I never subscribed to the form of political Manicheanism that held that conservatives would best be served by a Bush defeat that brought us worse policies rather than bad ones. Perhaps it is an Irish disposition, but no matter how bad things are I always hold out the possibility that they may get worse, and I expect full vindication from President Bill Clinton. Those conservatives now celebrating the Bush defeat would do well to sober up with a copy of Grover Norquist's masterly "The Coming Clinton Dynasty" in the November American Spectator.

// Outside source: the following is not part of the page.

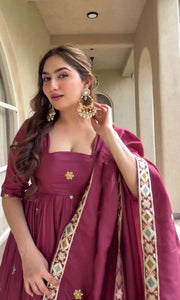 Graceful Presence in Maroon Attire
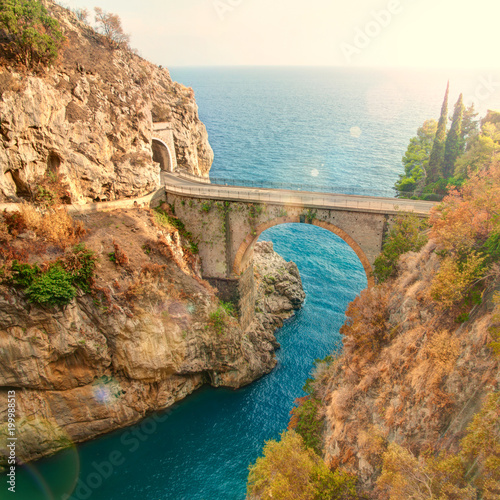 old bridge over fiord at sunset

More than this, I thought--and still think that almost until the last month Bush could have won re-election had he, even at that late stage, given people a real reason to vote for him. Never did I dream that the Bush campaign would attempt to promote its candidato solely along the lines of his opponent's untrustworthiness (especially given his own problems with credibility). In many ways it amounted to yet another broken promise: far from doing "whatever it takes to win," President Bush retained the architoct of all his miserable domestic policies, Richard Darman; squelched Republican efforts at the congressional level for a genuine growth package; and continued to argue about hypothetical emergencies overseas while the media were screaming about the recession at home. For all these reasons, while everyone was counting Bush out in the summer I thought he had a chance, and while he was gaining on Clinton in the last weeks I became more pessimistic, because there appeared to be nothing of substance to put him over the hump.
From the Wreckage
IN THE midst of the encircling gloom, I have nonetheless been determined to find such few silver linings as may exist. The first is the most obvious: my departure from the nation's capital for this far-flung outpost of the British Empire well in advance of the Occupation. The second, if I may toot my own horn, is what in hindsight now appears to be an excellent estimation of the Bush Administration. Back when Mr. Bush's popularity was hovering at 80 to 90 per cent and no less than Newt Gingrich was insisting that NATIONAL REVIEW was too hard on the President, I was there, about as welcome as Banquo's ghost, writing that those who live by the polls die by the polls. As the magazine pointed out at the time of the now-infamous budget agreement, the problem with pragmatism is that it doesn't leave you anything to fall back on when you hit hard times. Wasn't that old wizard Bob Teeter talking about "shoring up the Republican base" as late as October 317
From overseas, accurate information on American politics is difficult to come by. But from what I read in the International Herald Tribune--a handy compendium of the worst of both the New York Times and the Washington Post--it appears recriminations have already started, and all the fingers are pointing at the campaign team.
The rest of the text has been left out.